• TASK TO CARRY OUT: Leaving out the pictures, print exactly the lines from the one holding "Protect and Track" to the last line of the entries below, both included, and nothing more.

• Crawled caption data:
——————

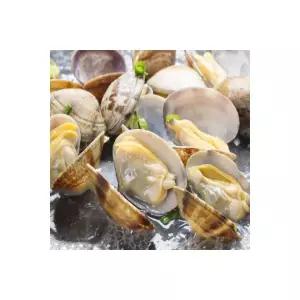 덕이네 해감 조개 왕 백상합 동죽 참바지락 활바지락 왕바지락 1kg 2개 이상 구매 칼국수200G 1개 지급 957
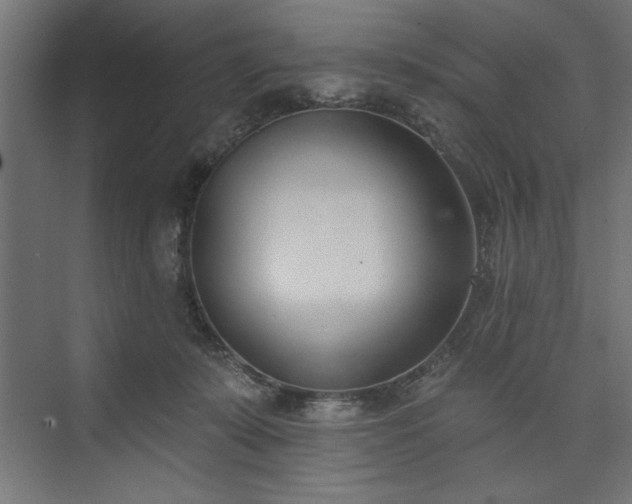 X0000073950319200608281222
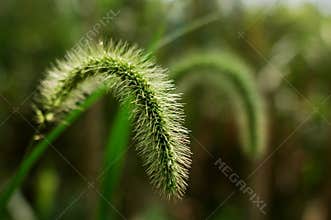 Green Bristle grass Herb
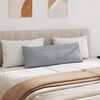 vidaXL Vankúše na pohovku 2 pcs Svetlosivá 120 x 40 cm látka
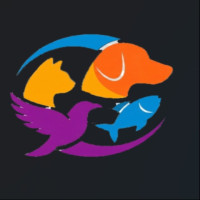 Protect and Track Your Pet With Official Online Registration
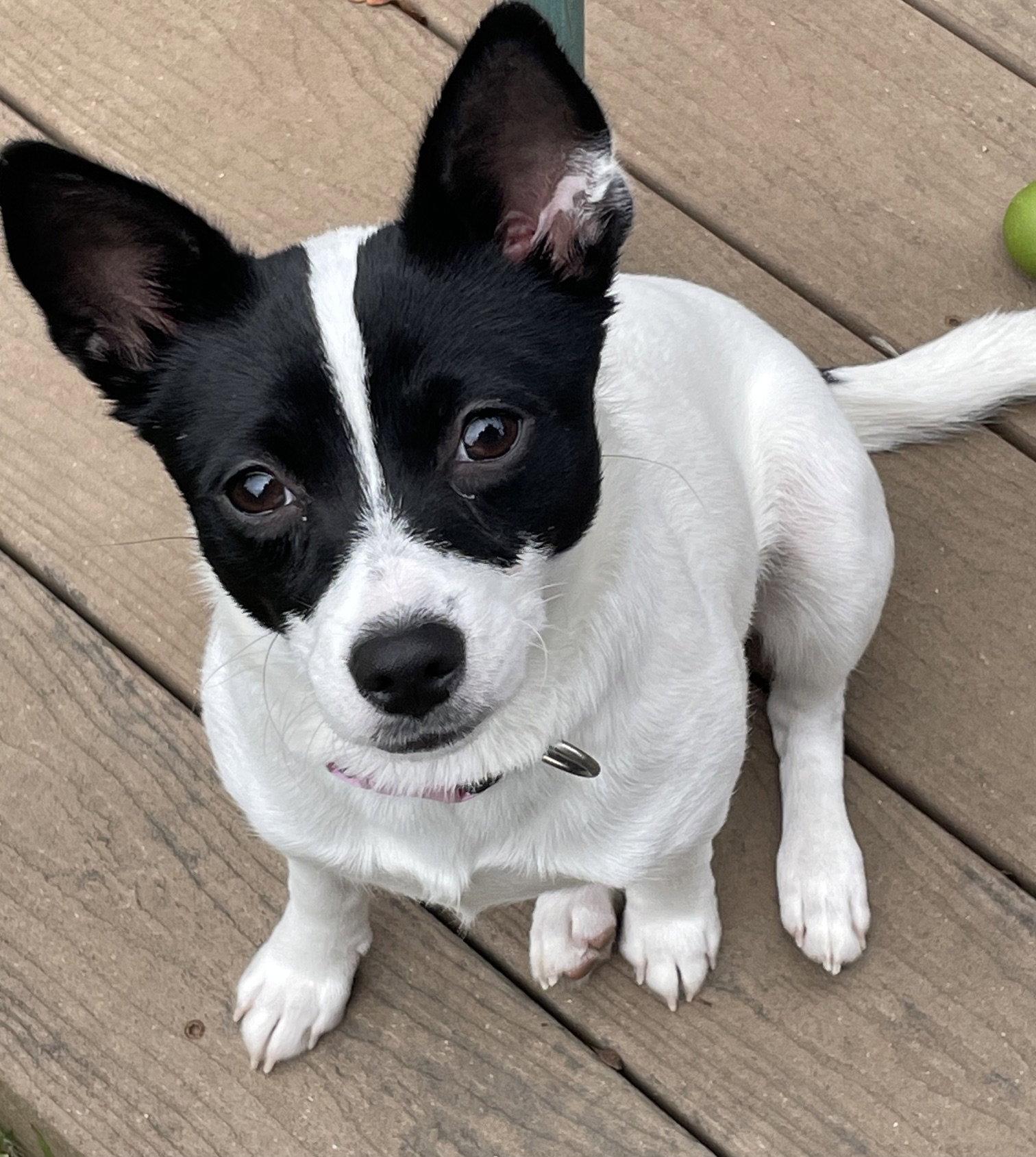 Laverne, Adoptable, Adult Female Chihuahua.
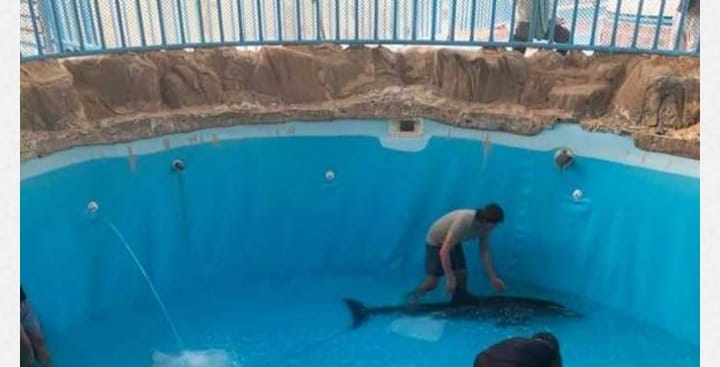 بعد جنوحه للشاطئ.. تحسن حالة الدولفين طيبة وفريق علمي لمتابعة حالته الصحية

——————

• EXPECTED ANSWER:
 Protect and Track Your Pet With Official Online Registration
 Laverne, Adoptable, Adult Female Chihuahua.
 بعد جنوحه للشاطئ.. تحسن حالة الدولفين طيبة وفريق علمي لمتابعة حالته الصحية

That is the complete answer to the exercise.